MATERIAL PROVIDED ::
********************

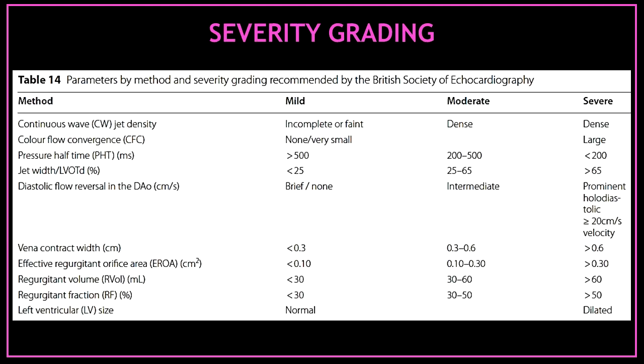This table shows the parameters by method and severity grading recommended by the British Society of Echocardiography.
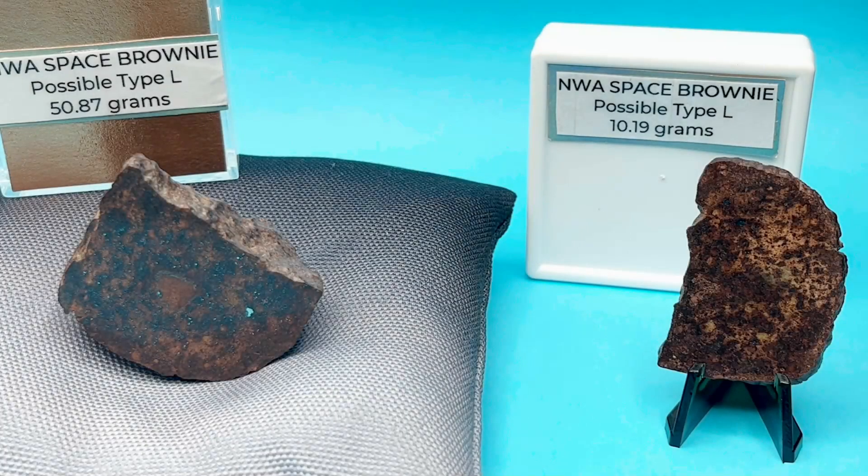These are the two specimens we have left of the NWA Space Brownie meteorite. These are unclassified possible type L chondrites. We have a 50.87 gram and a 10.19 gram. The 50.87 is an end cut and the 10.19 gram is a slice.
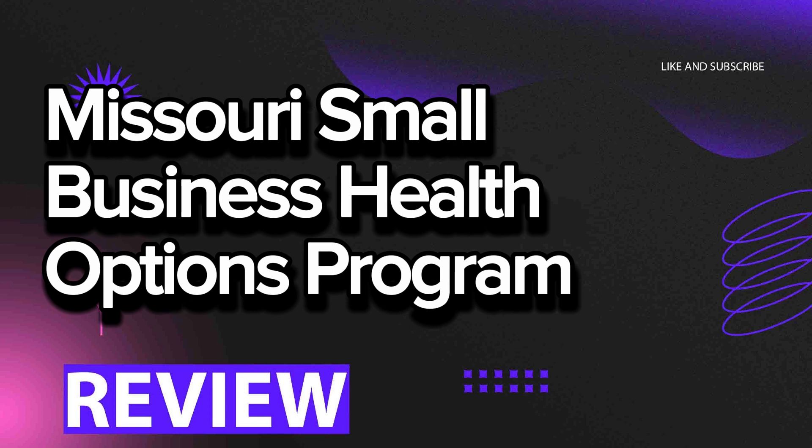Also, pay attention to the timeliness and relevance of the information, since terms and service quality may change over time. The consensus among clients can serve as a crucial criterion in choosing an insurance company, helping to maximize protection of one's interests and ensure reliable financial support in case of an insurance event.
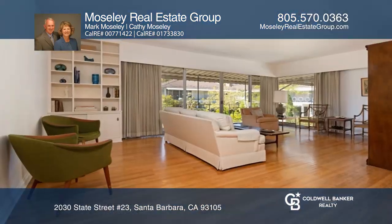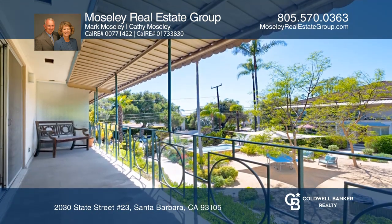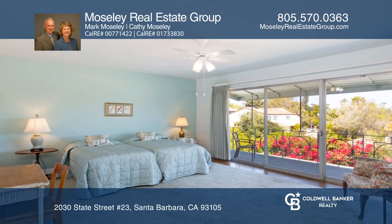This two-bedroom and two-bath condo is in original condition. There's a light and bright living room that enjoys sliding doors to a spacious balcony with mountain views. This much-loved unit has character from its original wood floors to the kitchen counters and more.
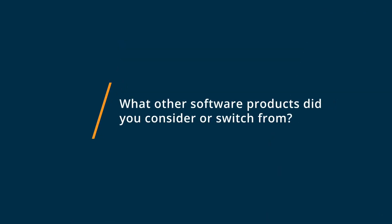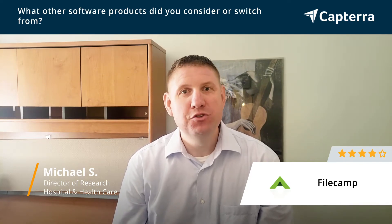Prior to using FileCamp, we were using Dropbox. It wasn't working for us because we wanted something that had a lot of customization in terms of white labeling for our company. We also wanted something that could have a lot of users, but not a huge price attached to that for having tons of users.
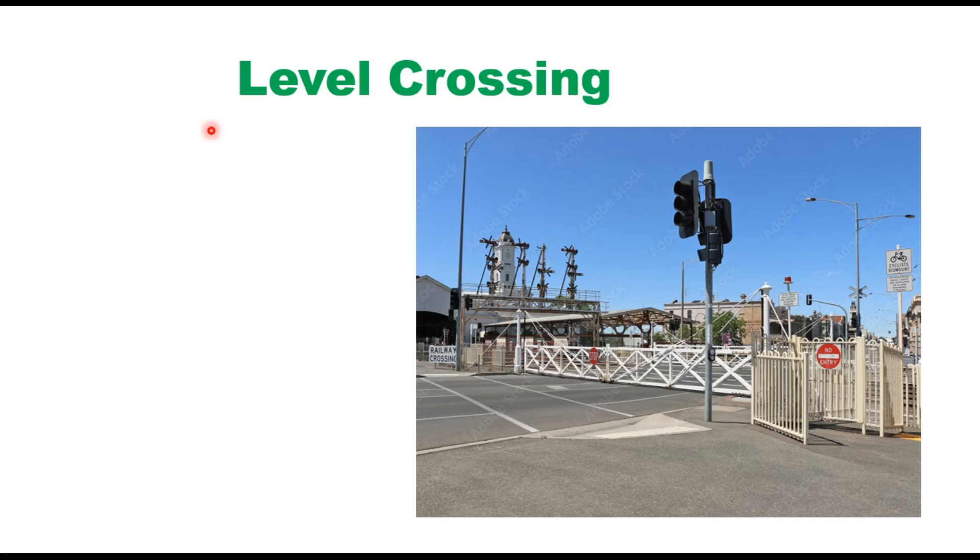Hello friends, today we will discuss level crossing. A level crossing is provided when a road and a railway line cross each other at the same level. The surface of the road is kept at rail level and grooves are left along the road surface, and guard rails are provided in these grooves for the movement of the wheel flange.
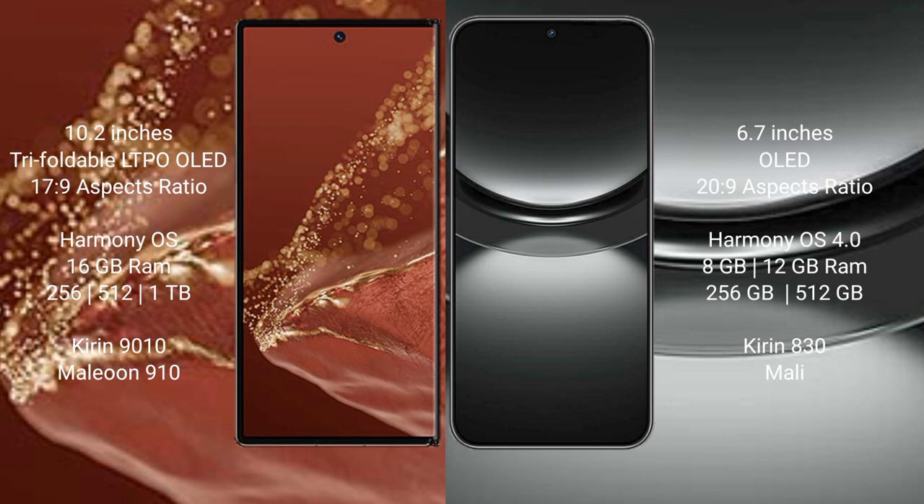Both the Huawei Mate XT Ultimate and the Huawei Nova 12 run on the HarmonyOS operating system. The Huawei Mate XT Ultimate comes with 16GB RAM and 256GB, 512GB, or 1TB internal storage options, powered by the Kirin 9010 processor with GPU 910.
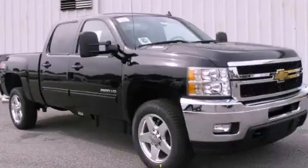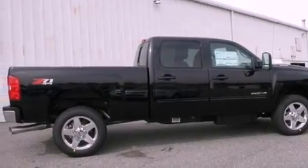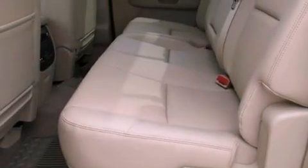This is a brand new 2012 Chevrolet Silverado 2500. It has what you need for work as well as what you want for play. It features a 6.6-liter, eight-cylinder engine, an automatic transmission, and four-wheel drive.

********************

PROBLEM REQUIREMENTS :: Retype all of the listing word for word and skip the pictures.

ANSWER TO THE EXERCISE ::
This table shows the parameters by method and severity grading recommended by the British Society of Echocardiography.
These are the two specimens we have left of the NWA Space Brownie meteorite. These are unclassified possible type L chondrites. We have a 50.87 gram and a 10.19 gram. The 50.87 is an end cut and the 10.19 gram is a slice.
Also, pay attention to the timeliness and relevance of the information, since terms and service quality may change over time. The consensus among clients can serve as a crucial criterion in choosing an insurance company, helping to maximize protection of one's interests and ensure reliable financial support in case of an insurance event.
This two-bedroom and two-bath condo is in original condition. There's a light and bright living room that enjoys sliding doors to a spacious balcony with mountain views. This much-loved unit has character from its original wood floors to the kitchen counters and more.
Prior to using FileCamp, we were using Dropbox. It wasn't working for us because we wanted something that had a lot of customization in terms of white labeling for our company. We also wanted something that could have a lot of users, but not a huge price attached to that for having tons of users.
Hello friends, today we will discuss level crossing. A level crossing is provided when a road and a railway line cross each other at the same level. The surface of the road is kept at rail level and grooves are left along the road surface, and guard rails are provided in these grooves for the movement of the wheel flange.
Both the Huawei Mate XT Ultimate and the Huawei Nova 12 run on the HarmonyOS operating system. The Huawei Mate XT Ultimate comes with 16GB RAM and 256GB, 512GB, or 1TB internal storage options, powered by the Kirin 9010 processor with GPU 910.
This is a brand new 2012 Chevrolet Silverado 2500. It has what you need for work as well as what you want for play. It features a 6.6-liter, eight-cylinder engine, an automatic transmission, and four-wheel drive.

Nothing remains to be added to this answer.